ところで表題に掲げた私の造語「フェイル政府」は、「政府つまり政権を利するように官僚が間違える」と言う意味です。最近の事例では国土交通省の建設受注統計ミスがそれです。それまでは月の締め切りに間に合わない分をゼロ計上していましたが、2013年から推定値に書き換えたと言うのです。そして翌月の確定値もそのまま計上したので、これが二重計上になりました。2013年と言えばアベノミクスが始まった年です。アベノミクスは大胆な金融政策、機動的な財政政策、民間投資を喚起する成長戦略の3本の矢で構成されますが、この統計の水増しは3本目の成長戦略の成果となり、政権を利するものでした。
次はコロナワクチンの効果に関する統計ミスです。

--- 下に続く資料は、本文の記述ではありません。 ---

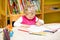 Cute child girl drawing with colorful pencils in preschool at table in kindergarten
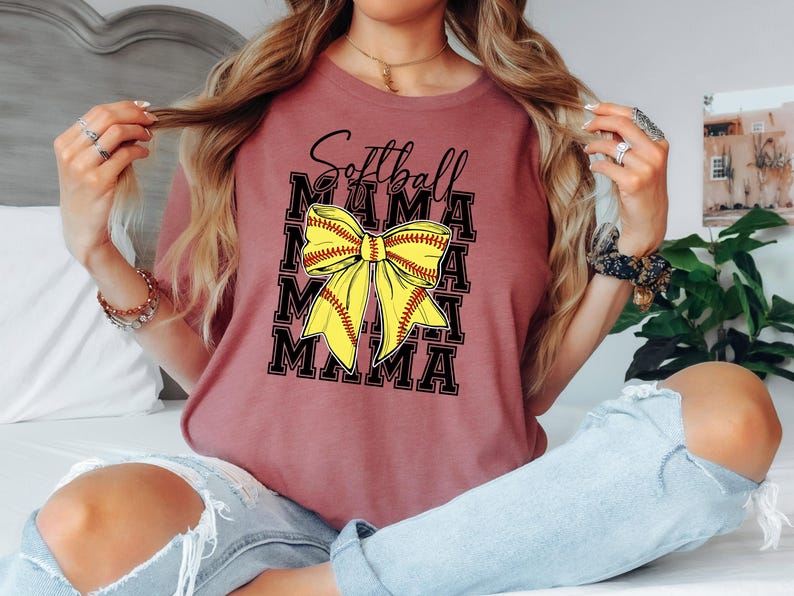 K&ouml;nnte beinhalten: Ein maronfarbenes T-Shirt mit dem Aufdruck "Softball Mama". Der Text ist von einer gelben und roten Softball-Schleife umgeben.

厚労省はコロナワクチン未接種者と2回接種者の感染率比較を公表していました。しかし接種者でも接種日付が不明の人は未接種者に分類していたのです。この為、未接種者の感染率が高くなっていました。海外各国の同じ統計では逆で、接種者の感染率が若干高い事に気付いた専門家が指摘したのです。この指摘に基づいて厚労省が統計を見直したところ、海外と同様の傾向となりました。これは今年4月のことです。未接種者の感染率が低い理由として、未接種者がマスクなどでより警戒していること、ワクチンは接種を重ねる程免疫力を弱める事などが挙げられています。政権は当時3回目接種率を上げようとしていました。そこで間違った統計データが好都合だったのです。

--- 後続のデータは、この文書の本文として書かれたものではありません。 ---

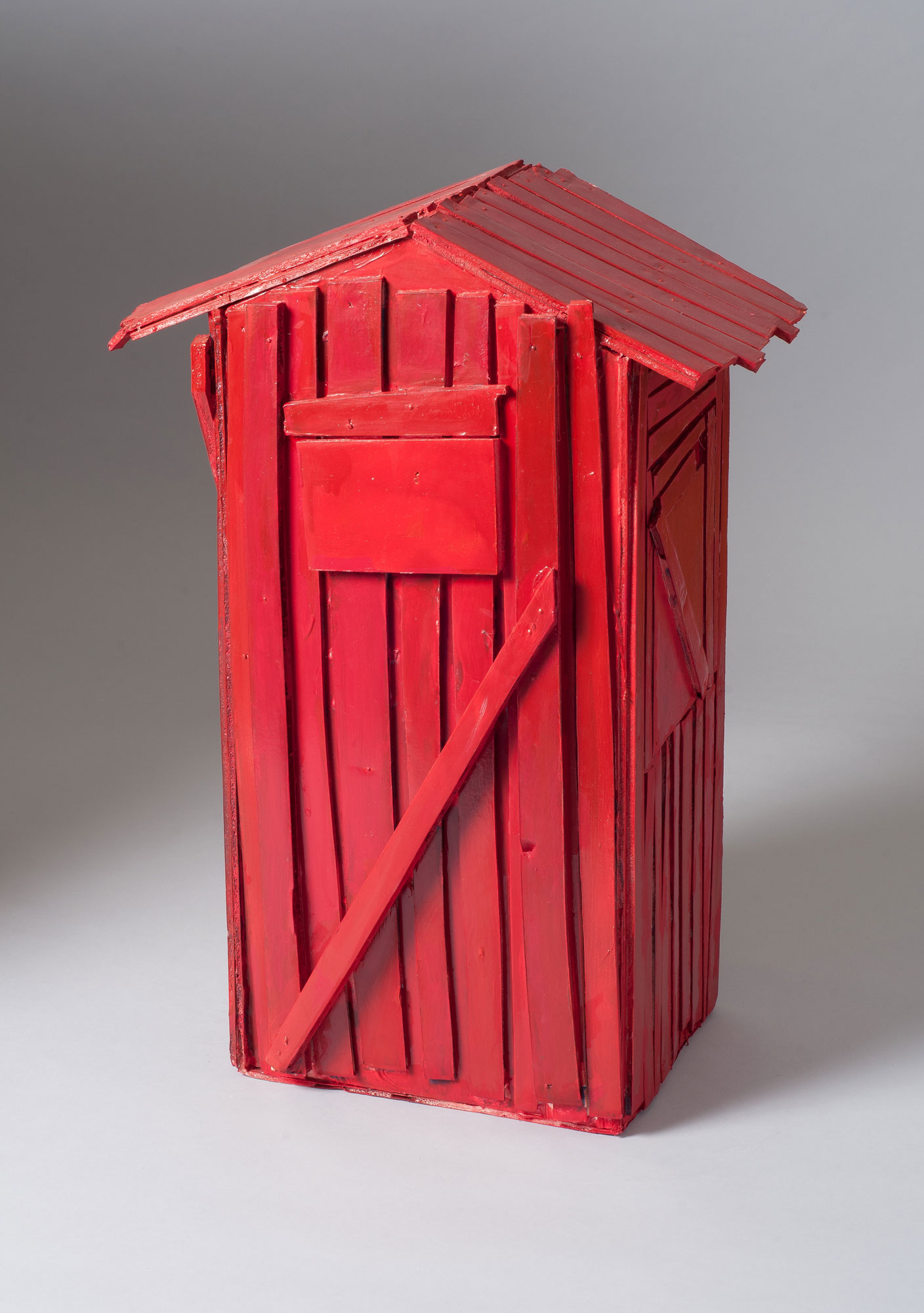 A small sculpture of a rustic shack, painted bright red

これらが政権からの要請だったのか、官僚による忖度だったのか、はたまた全くの偶然だったのかは不明です。しかし携わった官僚の中には「間違いに気づいたが、言い出せなかった」と言う人もいます。そのような空気だったのでしょう。今年1月にこの件で国土交通省の事務次官をはじめとする10人の官僚が減給、訓告、戒告の処分を受けています。しかし2018年に発覚した厚労省の「毎月勤労統計」の不適切手法問題に際して実施された「基幹統計」の一斉点検でも本件は見逃されました。減給、訓告、戒告ではとても足りない故意の犯罪と言うべきものです。

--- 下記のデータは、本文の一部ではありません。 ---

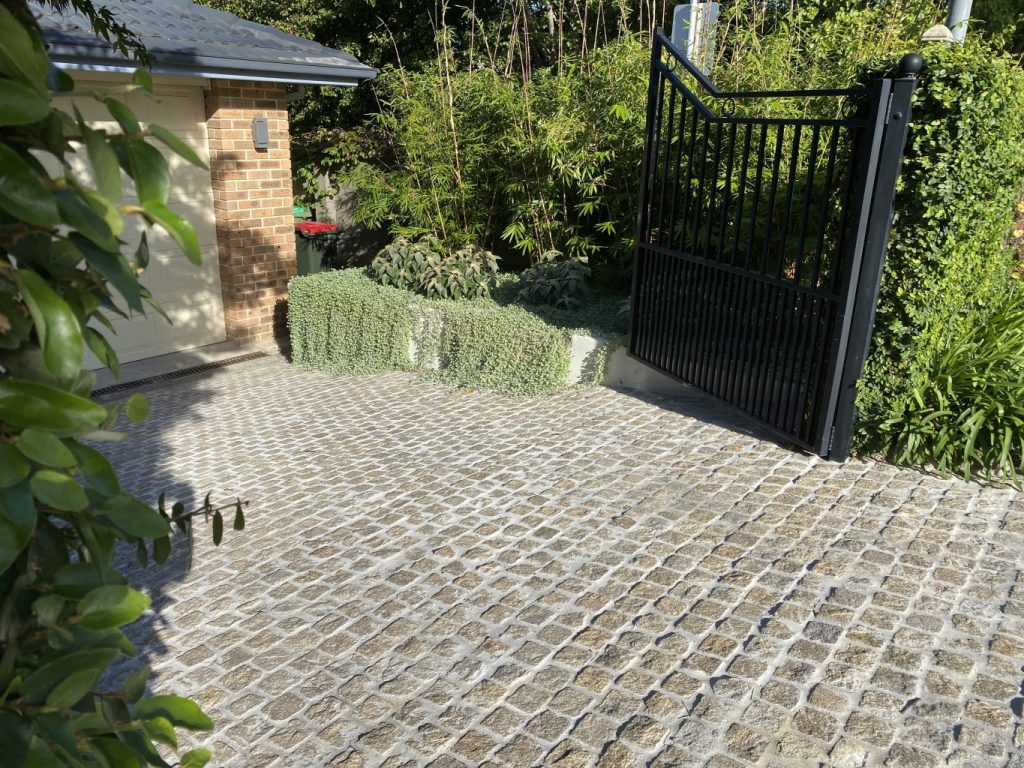 Tiger Rust Cobble Stone Paver seen in driveway floors
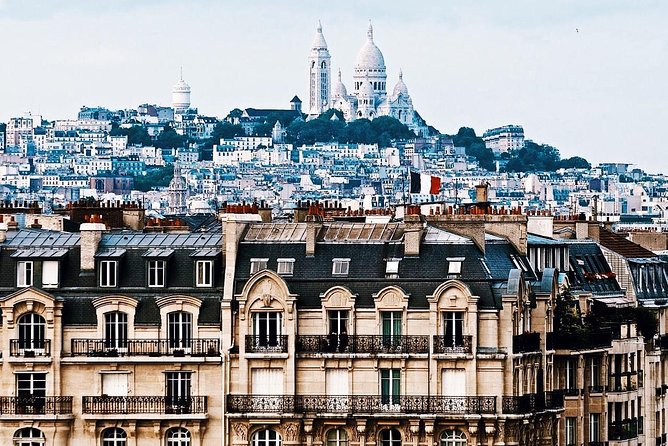 Montmartre District and Sacre Coeur - Exclusive Guided Walking Tour - Dalida stops and the music-memory details that make Montmartre fun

統計は地方自治体から国に至るまでの各段階で作成し、現状をつぶさに知り、政策を決め、有権者の投票行動にも資する大事な情報です。私の住む小さな地方自治体でさえ、統計教室を設けて子供たちにその大切さを教えている程です。霞が関の優秀な官僚たちが、その手法を間違える筈は無いのです。国交省の件は2019年秋に会計検査院の指摘で発覚しました。以後私はコロナ感染者数を含め、国や自治体が出す全ての数値を信用できないでいます。国家の体を成さず、まことに情けない限りです。
1週間後には参院選があります。国民を欺いて迄自陣営に好都合な数値を出す自公政権ではなく、ゆ党の維新・国民民主でもなく、野党の立憲・共産・社民・れいわの勢力を伸ばそうではありませんか。